The rain continues to fall and the ground is now saturated, the stream swollen and the garden plants satiated with the very thing they craved only a week ago. Just after I took this picture of the field below the bach, a gaggle of geese waddled over to swim in the huge puddle.
I walked in the rain today, and took many photos, which I can't post because the dial-up connection is too slow. So I'll have to do word snapshots: flax, whose red tongues took on an intense hue against the dark hill; the rushing stream with its corrugations of white waves that appeared when the water backed up; patterns traced on the sand by rain and seeds; and rows of water droplets, like strings of pearls, hanging from black kanuka branches.
Sometimes the rain eases off (it would be going too far to say 'stops'). I notice that the birds know it's about to happen, because that's when they start singing. Then as the rain withdraws its force, the air is punctured by rapid flights, like the shooting of spears, as the birds suddenly fly directly to the places they've been waiting to reach.

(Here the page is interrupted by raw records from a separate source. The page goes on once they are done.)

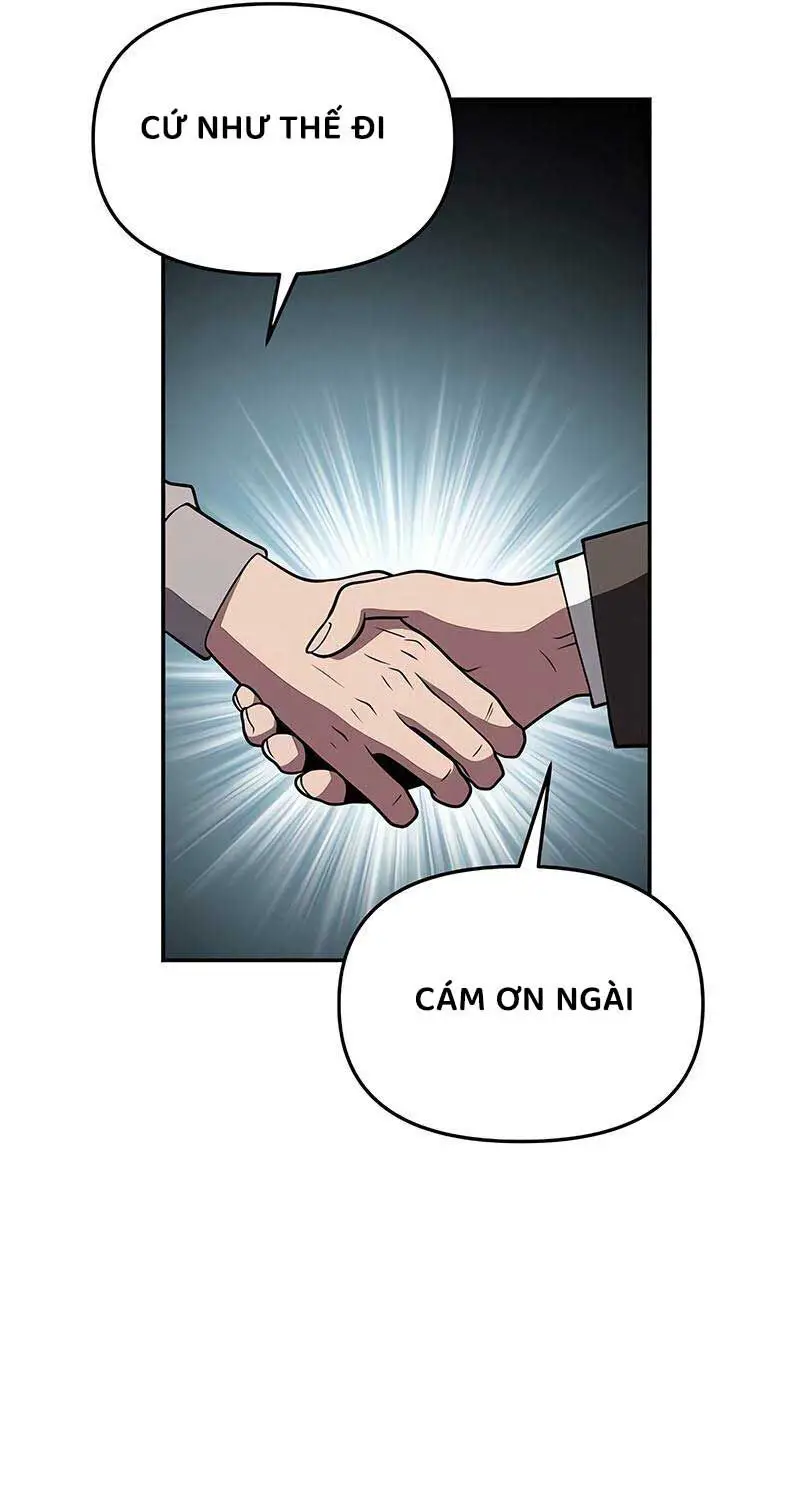 Vua Hiệp Sĩ Đã Trở Lại Với Một Vị Thần Nettruyen ZZZ Chương 79 Page 53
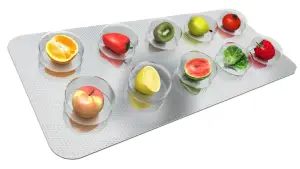 Nutraceutica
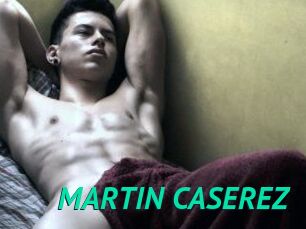 MARTIN_CASEREZ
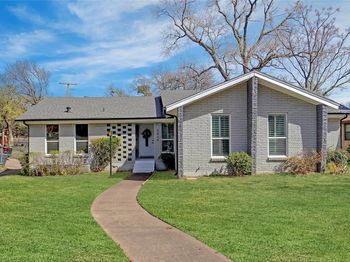 3434  Boulder Drive 
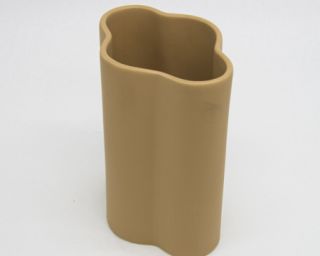 კერამიკული ლარნაკი HP536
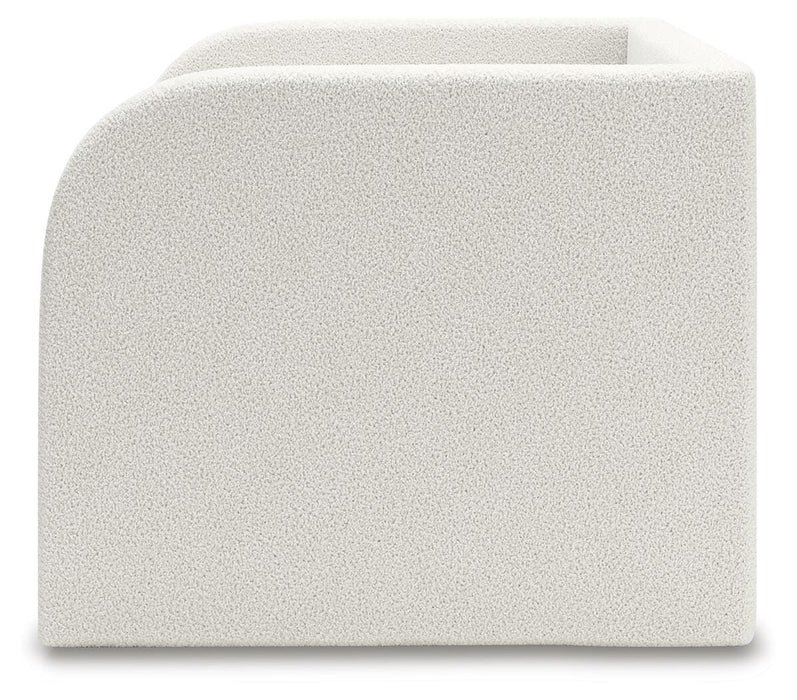 Arloster Upholstered Bed - BWO Furniture & Mattresses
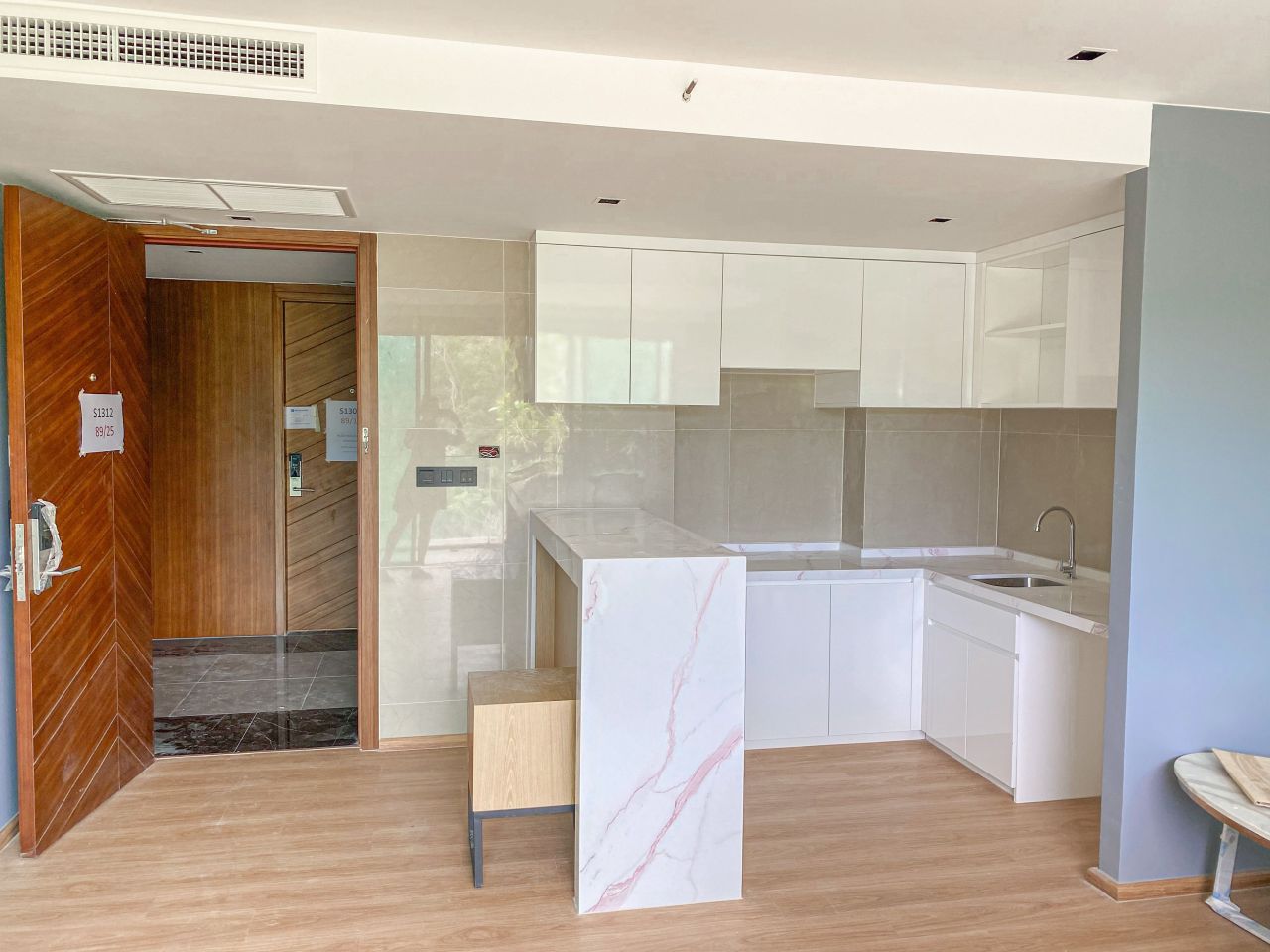 Appartement à Phuket, Thaïlande, 30 m² - image 9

I'm reminded of travellers, who've been held up at airports for days, and are at last released to travel once more. Here, enjoying solitude at the beginning of my holiday, I'm not in a hurry to go anywhere. I think of all the Christmas travellers, offer prayers for their safety, and rest in the contentment of being free to sit and observe the many moods of nature.
2 comments:
I love your word descriptions as much as I love your photos of the plants all bursting into life during the spring. It is heart warming to read about this when we are covered in snow here in England. I enjoyed your analogy of the birds and the people stuck at airports! I am also relearning all the Maori names of the plants, which I knew as a child but had forgotten with the passing years of not living in New Zealand.
I love your word pictures, they are just wonderful.Yes, it is a wet wet world right now but the gardens look so beautiful for it.